## Exercise directions:
Once the line holding "Виробництво та продаж" is found in the entries below, transcribe exactly every line up to and including the one holding "BOYGENIUS - The Record Vinyl [ vinyl ]", but leave out the pictures.

BEGIN Extracted data

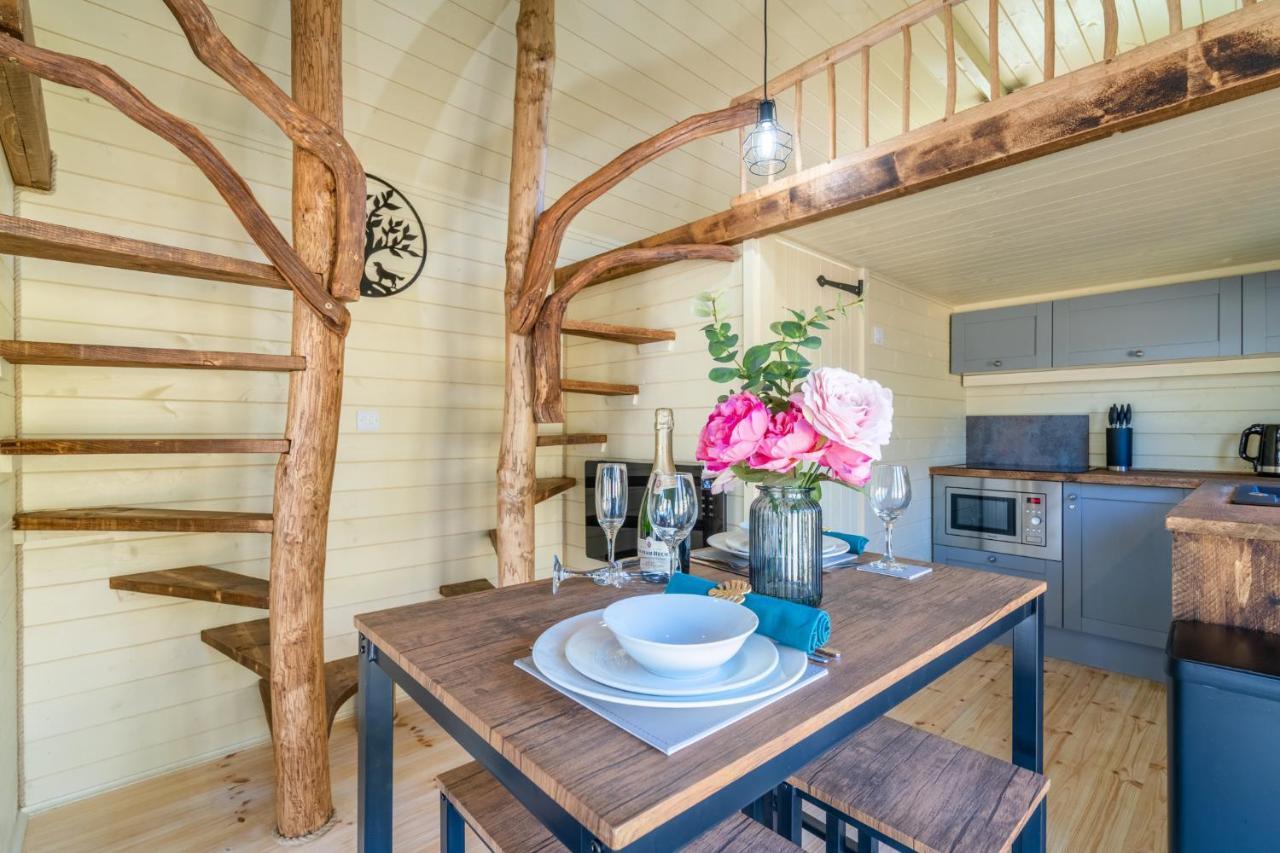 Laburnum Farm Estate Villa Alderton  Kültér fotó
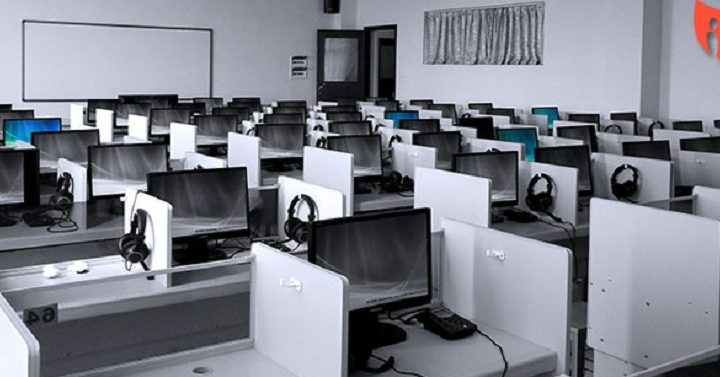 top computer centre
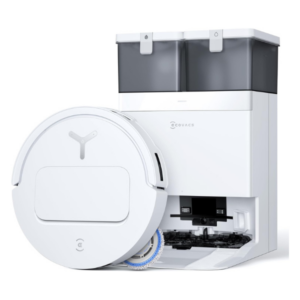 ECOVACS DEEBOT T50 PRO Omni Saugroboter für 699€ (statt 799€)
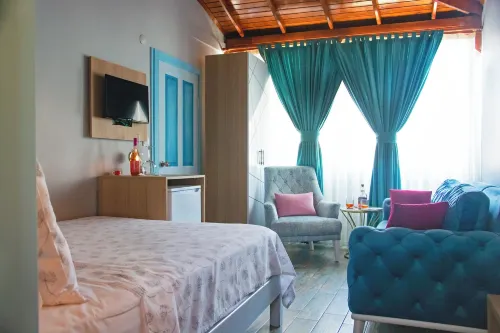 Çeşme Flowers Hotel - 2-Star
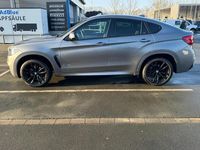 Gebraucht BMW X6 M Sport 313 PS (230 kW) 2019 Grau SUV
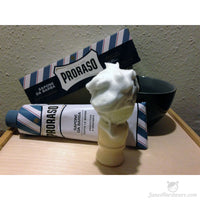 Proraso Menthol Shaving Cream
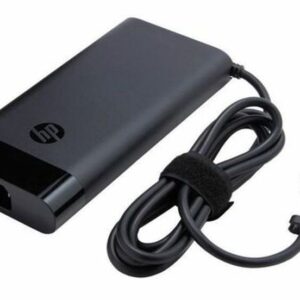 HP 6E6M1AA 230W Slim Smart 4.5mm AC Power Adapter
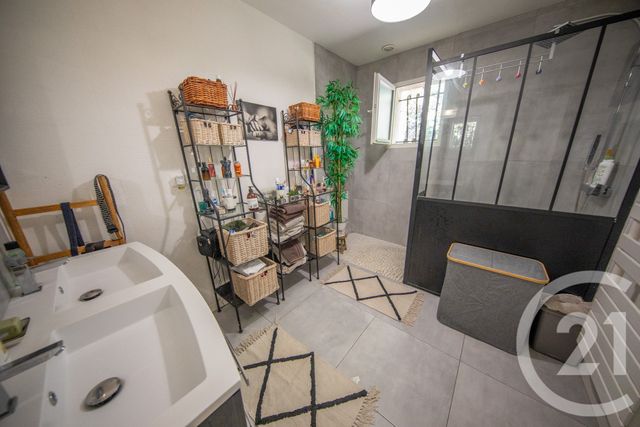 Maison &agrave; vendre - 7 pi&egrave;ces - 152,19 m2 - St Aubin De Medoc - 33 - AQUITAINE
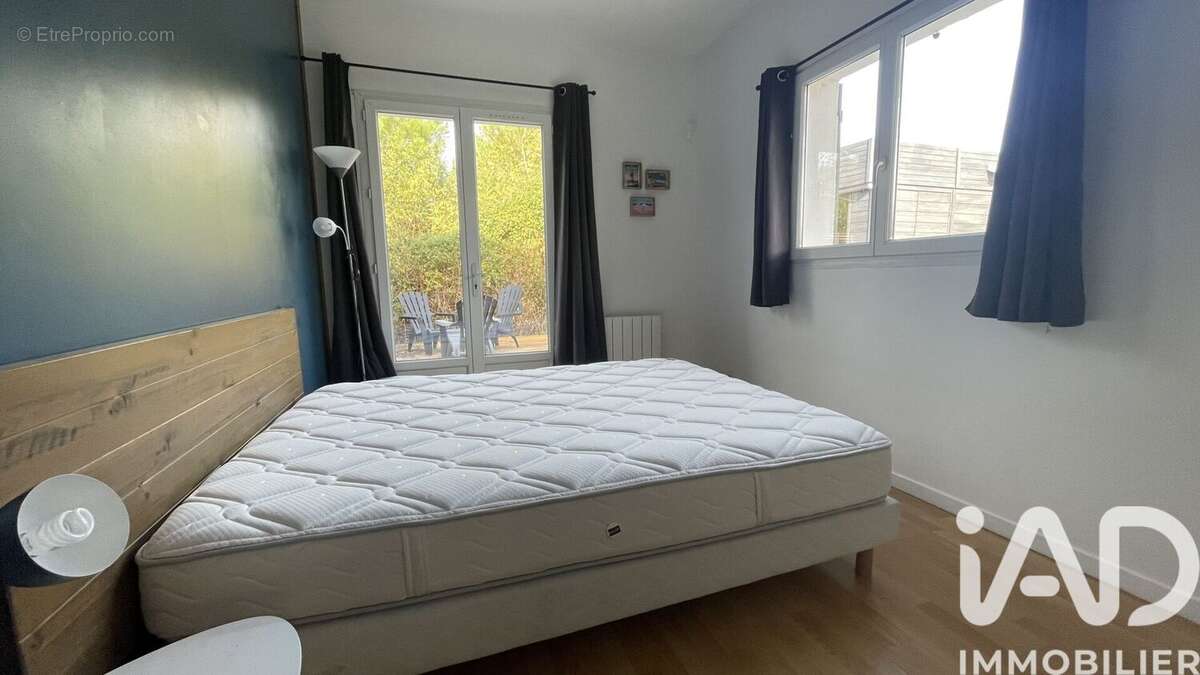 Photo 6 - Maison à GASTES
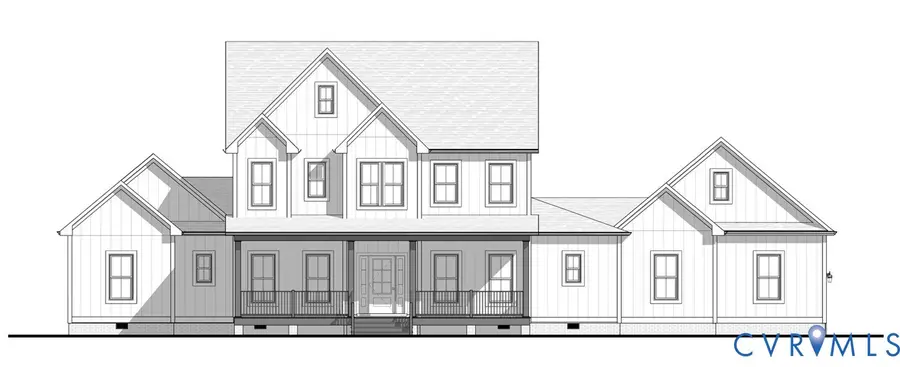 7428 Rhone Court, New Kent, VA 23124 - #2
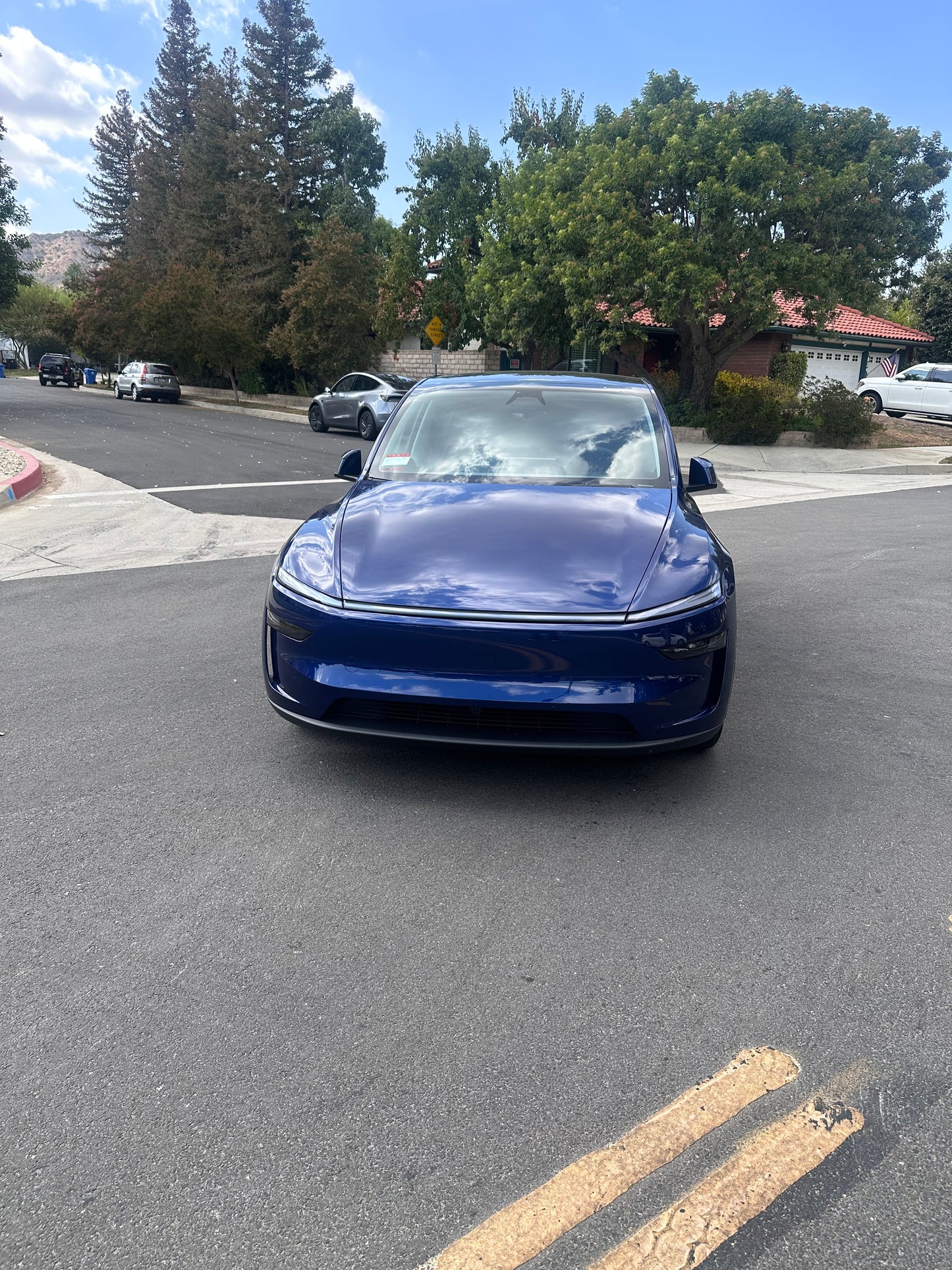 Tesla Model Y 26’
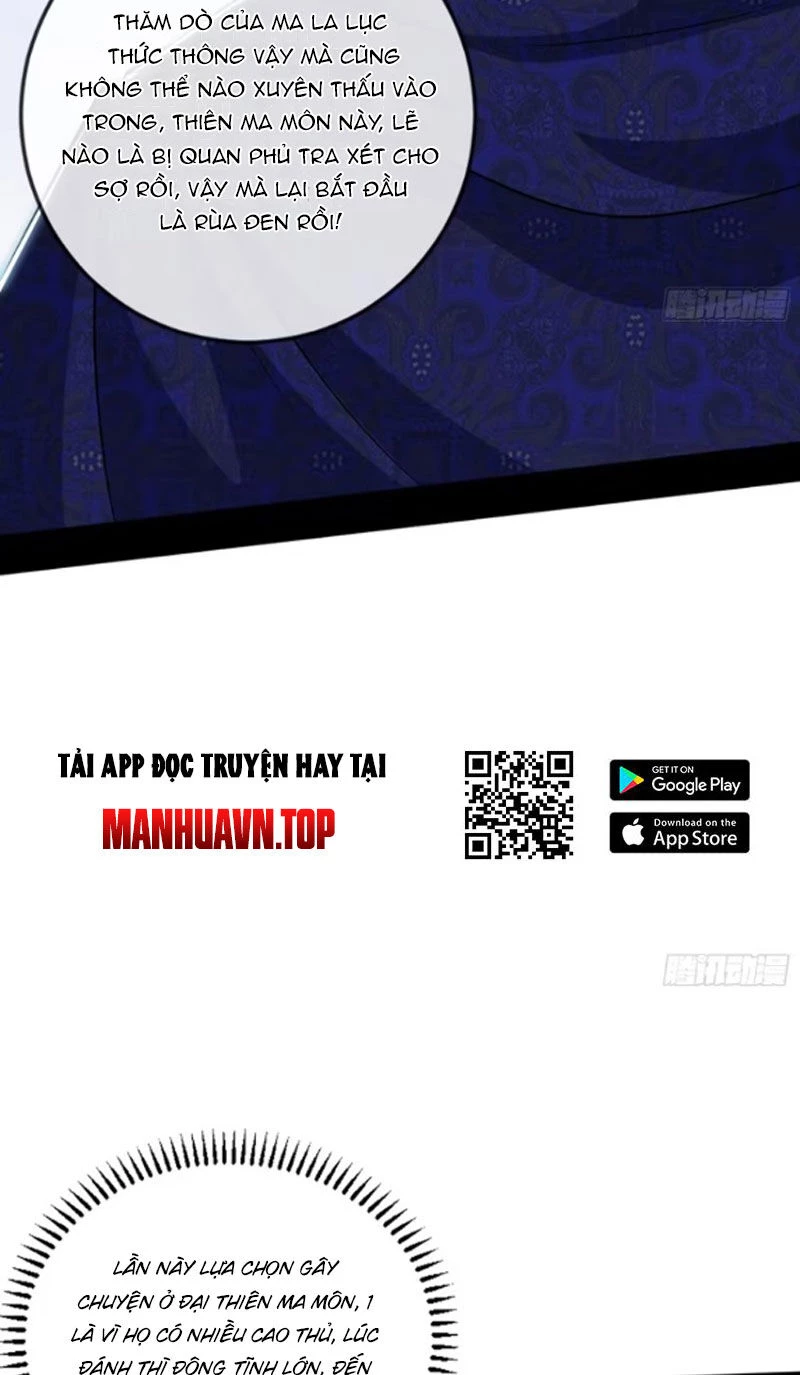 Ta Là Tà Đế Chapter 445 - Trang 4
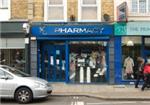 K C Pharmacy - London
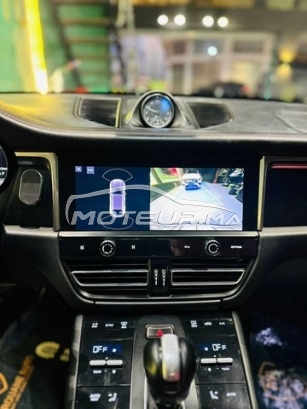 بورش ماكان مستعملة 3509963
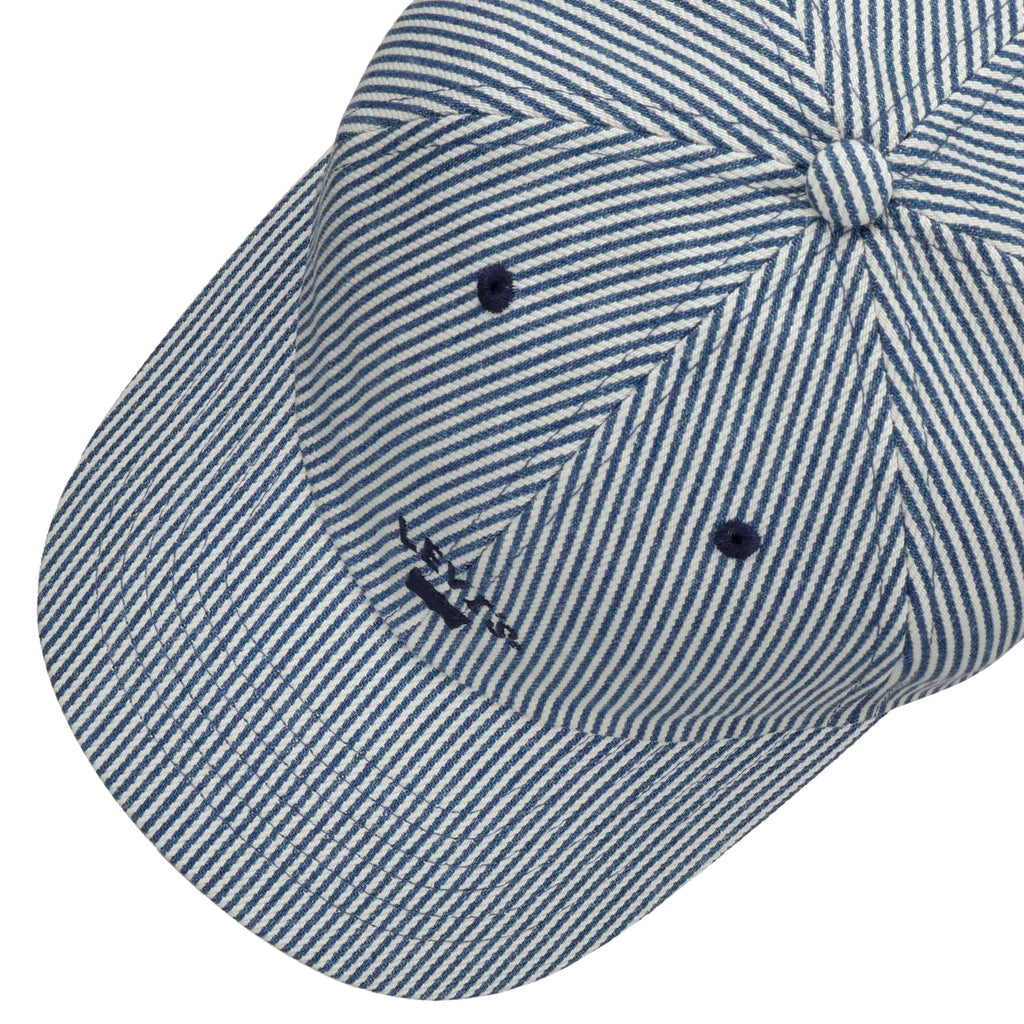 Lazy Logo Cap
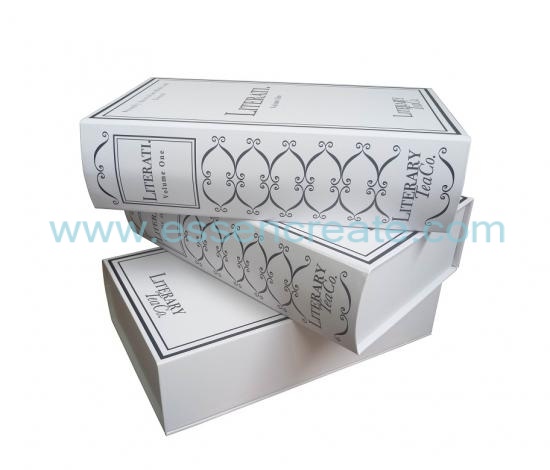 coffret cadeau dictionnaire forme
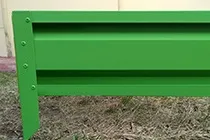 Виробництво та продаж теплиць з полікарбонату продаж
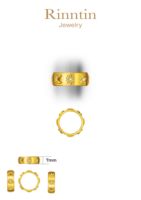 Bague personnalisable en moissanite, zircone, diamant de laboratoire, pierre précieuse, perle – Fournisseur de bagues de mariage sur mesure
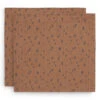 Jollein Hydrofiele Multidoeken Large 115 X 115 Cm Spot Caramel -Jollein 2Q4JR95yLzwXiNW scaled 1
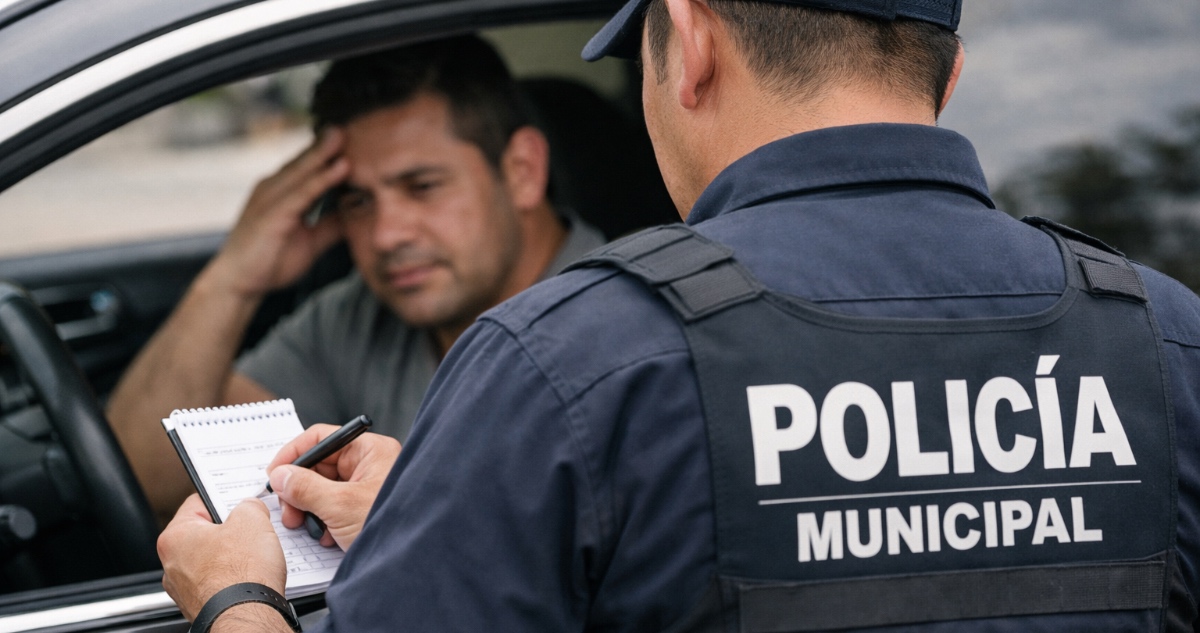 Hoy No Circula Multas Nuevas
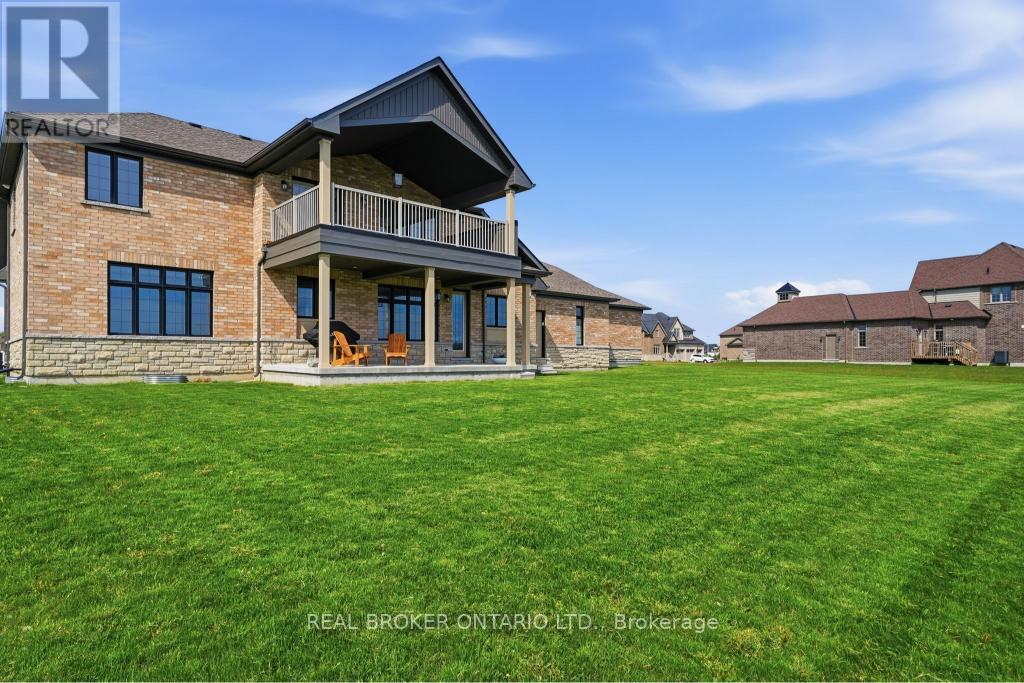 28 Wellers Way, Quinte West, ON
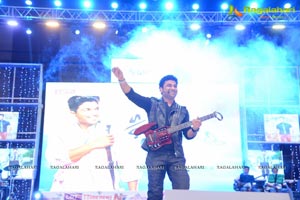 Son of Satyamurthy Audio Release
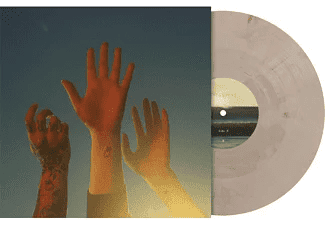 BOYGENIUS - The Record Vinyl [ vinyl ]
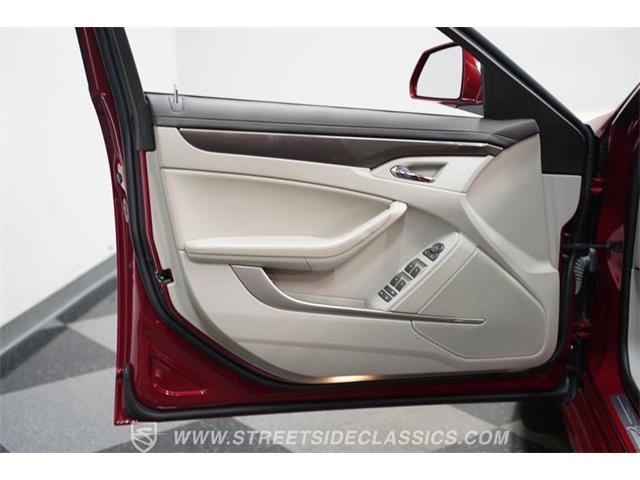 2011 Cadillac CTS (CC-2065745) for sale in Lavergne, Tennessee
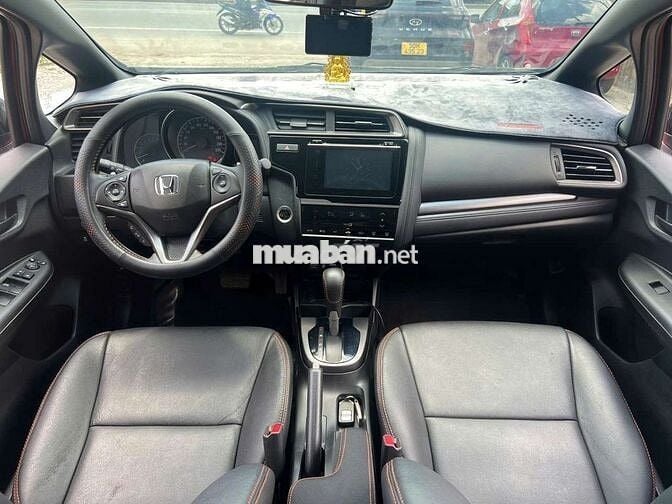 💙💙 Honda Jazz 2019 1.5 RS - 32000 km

END Extracted data

## Task result:
 Виробництво та продаж теплиць з полікарбонату продаж
 Bague personnalisable en moissanite, zircone, diamant de laboratoire, pierre précieuse, perle – Fournisseur de bagues de mariage sur mesure
 Jollein Hydrofiele Multidoeken Large 115 X 115 Cm Spot Caramel -Jollein 2Q4JR95yLzwXiNW scaled 1
 Hoy No Circula Multas Nuevas
 28 Wellers Way, Quinte West, ON
 Son of Satyamurthy Audio Release
 BOYGENIUS - The Record Vinyl [ vinyl ]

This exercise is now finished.